PCB design - capacitance between track & ground plane

[Daniel Kelly \(AKA Jack\)]

Hi,

I'm designing a PCB for a high-current battery charger. My charger needs to
deliver in excess of 10 amps.

This current requires big, fat tracks.

But I'm worried that big fat tracks will also have a fat parasitic
capacitance (I'm using double sided board with the bottom layer being my
ground plane).

So, my question is: should I remove the ground plane under my fat tracks?

My calculations suggest that my fattest track would have a capacitance of
151pF.

Links:

Images of my draft schematic and board designs:
http://www.ucl.ac.uk/~ucgadak/board.gif
http://www.ucl.ac.uk/~ucgadak/schematic.gif
(this design uses components that will only deliver 4 amps, but I want the
PCB to be 'upgradeable' to 10 amps)

Datasheet for the chip I'm using:
http://www.maxim-ic.com/quick_view2.cfm/qv_pk/3483

Maths for capacitance:
http://www.informit.com/articles/article.asp?p=169477&seqNum=6

Many thanks,
Jack

 

[John Woodgate]

I read in sci.electronics.design that Daniel Kelly (AKA Jack) <d.kellyNO
[email protected]> wrote (in <[email protected]>) about
'PCB design - capacitance between track & ground plane', on Fri, 23 Jul
2004:

I'm designing a PCB for a high-current battery charger. My charger
needs to deliver in excess of 10 amps.

This current requires big, fat tracks.

But I'm worried that big fat tracks will also have a fat parasitic
capacitance (I'm using double sided board with the bottom layer being my
ground plane).

So, my question is: should I remove the ground plane under my fat
tracks?

My calculations suggest that my fattest track would have a capacitance
of 151pF.

Is this a switch-mode supply? If it is, what is the reactance of 151 pF
at the switching frequency? How does that compare with the impedances in
your charging circuit?

If not, please look at the following questions:

What is the impedance of 151 pF at DC or 60 Hz? (Hint: infinite and
17.6 gigohms.)

You are applying RF thinking to a very low frequency design. You don't
need a ground plane and you can forget about parasitic capacitance.

 

[Rene Tschaggelar]

Hi,

I'm designing a PCB for a high-current battery charger. My charger needs to
deliver in excess of 10 amps.

This current requires big, fat tracks.

But I'm worried that big fat tracks will also have a fat parasitic
capacitance (I'm using double sided board with the bottom layer being my
ground plane).

So, my question is: should I remove the ground plane under my fat tracks?

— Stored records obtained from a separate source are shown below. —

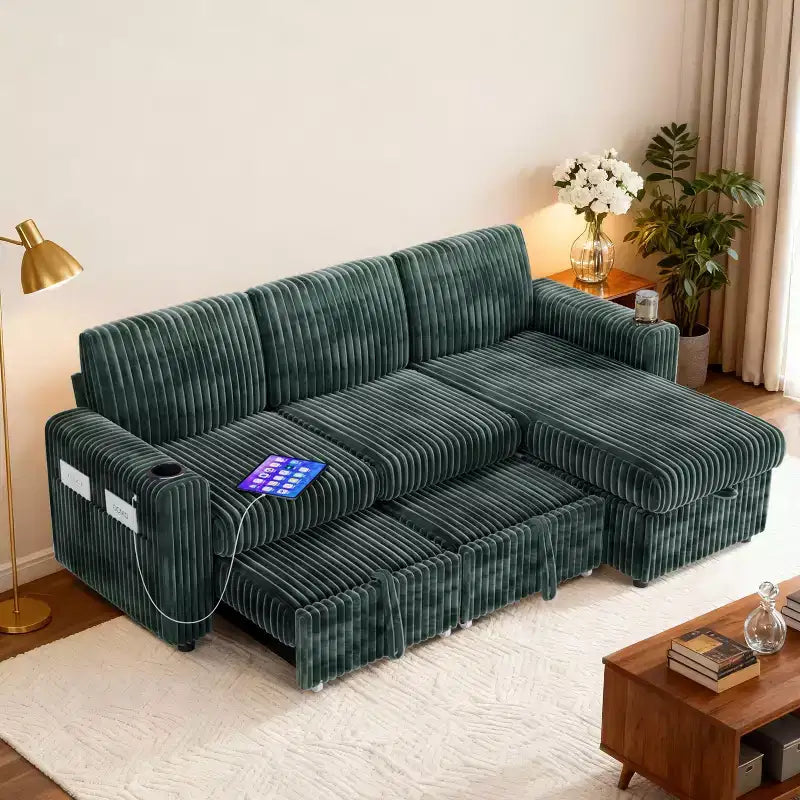 L-Shaped Sectional Sleeper Sofa with Pull-Out Bed, USB Ports & Storage – Image 30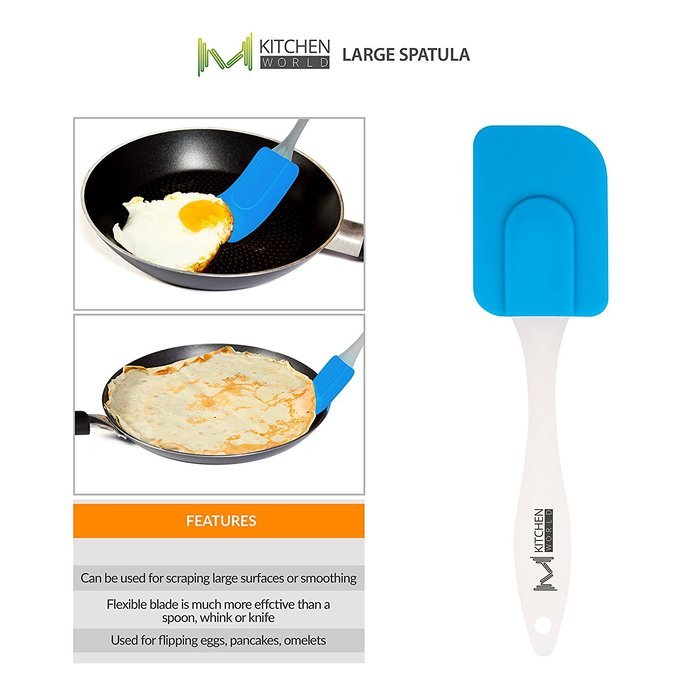 mKitchen Orange Soft Easy Flex Silicone Spatula Set of 3 - Heat Resistant Baking Supplies, Bakeware Set, Kitchen... N8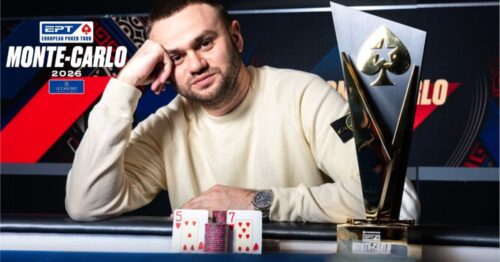 Roman Stoica, le vainqueur de cette édition 2026 de l'EPT Monte-Carlo, n'affiche pas un si grand sourire. Peut-être est-il déçu de ne pas avoir pris un million comme son prédécesseur ?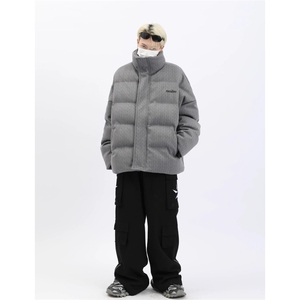 1506-1/QM280/P64美式纯色字母刺绣肌理感棉服男宽松棉衣冬季棉袄图片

My calculations suggest that my fattest track would have a capacitance of
151pF.

Jack,
if the capacitance is of concern, yes, then you can lower the
capacitance by not having the tracks on top of each other.
If it matters, then you most likely also have to minimize the magnetic
field, meaning the tranck should be on top of each other.

I suggest to use heavier Copper, there are manufacturers that
do pcbs with 0.3mm, instead of the usual 0.035mm.

And the tracks could become shorter too.

Rene

 

[Paul Burridge]

I read in sci.electronics.design that Daniel Kelly (AKA Jack) <d.kellyNO
[email protected]> wrote (in <[email protected]>) about
'PCB design - capacitance between track & ground plane', on Fri, 23 Jul
2004:

Is this a switch-mode supply?

One would hope so. Parasitics and strays in linear, high-current power
supplies! Whatever next?

 

[Daniel Kelly \(AKA Jack\)]

Dear John,

Many thanks for your reply.

Is this a switch-mode supply?

Yes. It switches at 85kHz.

You don't need a ground plane and you can forget about parasitic

capacitance.

I want a ground plane for several reasons: (1) to reduce the EMI (2) I need
a large ground conductor to deal with the large currents so I might as well
use a ground plane, surely?

Thanks,
Jack

 

[John Woodgate]

I read in sci.electronics.design that Daniel Kelly (AKA Jack) <d.kellyNO
[email protected]> wrote (in <[email protected]>) about
'PCB design - capacitance between track & ground plane', on Fri, 23 Jul
2004:

Many thanks for your reply.


Yes. It switches at 85kHz.

OK, so you should not have looked at the following questions, because
they referred to a linear supply.

capacitance.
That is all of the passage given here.